From the line containing "UH head coach Tony Levine in the background" to the last line of the data below, copy everything exactly and nothing else; pictures stay out.

_____

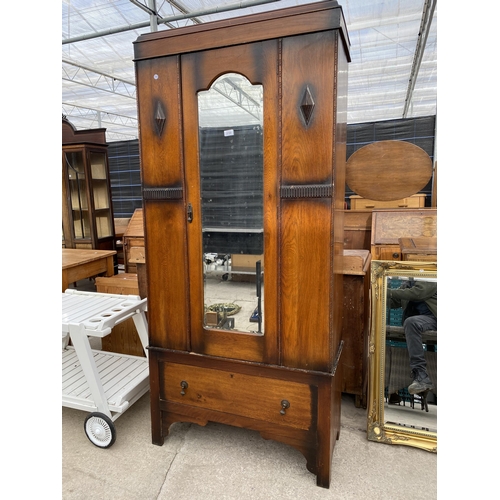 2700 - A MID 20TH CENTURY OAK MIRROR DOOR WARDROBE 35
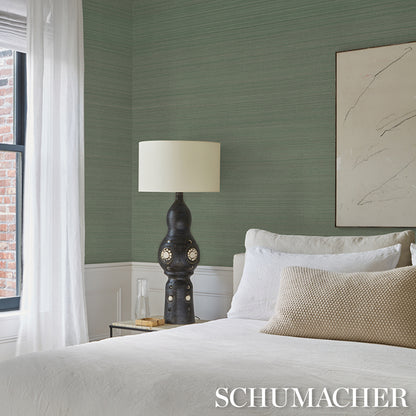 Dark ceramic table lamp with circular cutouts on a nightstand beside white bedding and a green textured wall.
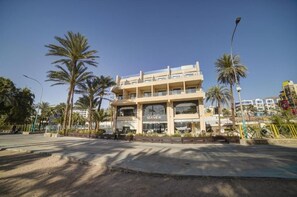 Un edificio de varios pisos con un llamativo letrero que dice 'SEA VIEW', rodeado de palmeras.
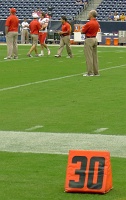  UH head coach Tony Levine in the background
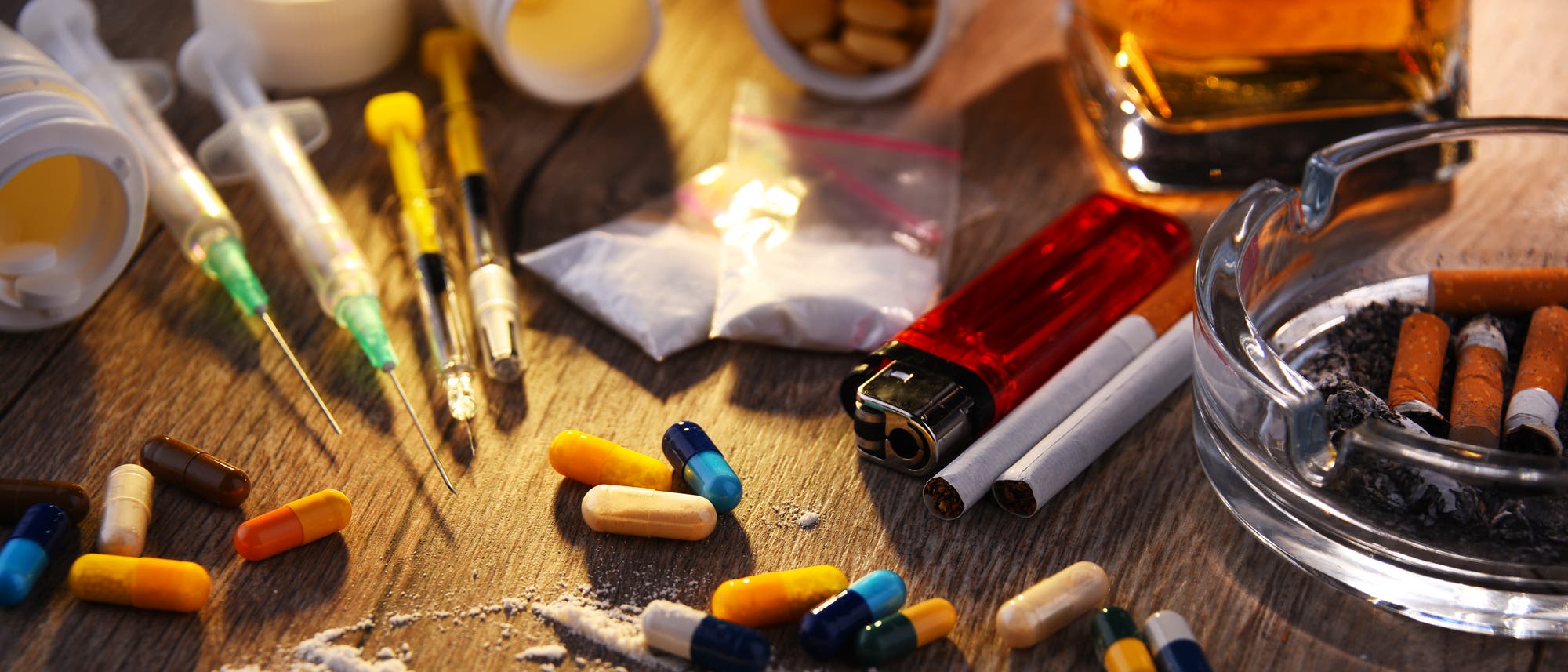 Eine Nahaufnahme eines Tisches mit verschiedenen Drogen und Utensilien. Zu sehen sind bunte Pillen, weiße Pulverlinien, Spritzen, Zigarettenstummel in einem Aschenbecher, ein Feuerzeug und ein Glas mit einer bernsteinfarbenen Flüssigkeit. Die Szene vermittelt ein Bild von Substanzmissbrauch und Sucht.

_____

### Written solution
  UH head coach Tony Levine in the background
 Eine Nahaufnahme eines Tisches mit verschiedenen Drogen und Utensilien. Zu sehen sind bunte Pillen, weiße Pulverlinien, Spritzen, Zigarettenstummel in einem Aschenbecher, ein Feuerzeug und ein Glas mit einer bernsteinfarbenen Flüssigkeit. Die Szene vermittelt ein Bild von Substanzmissbrauch und Sucht.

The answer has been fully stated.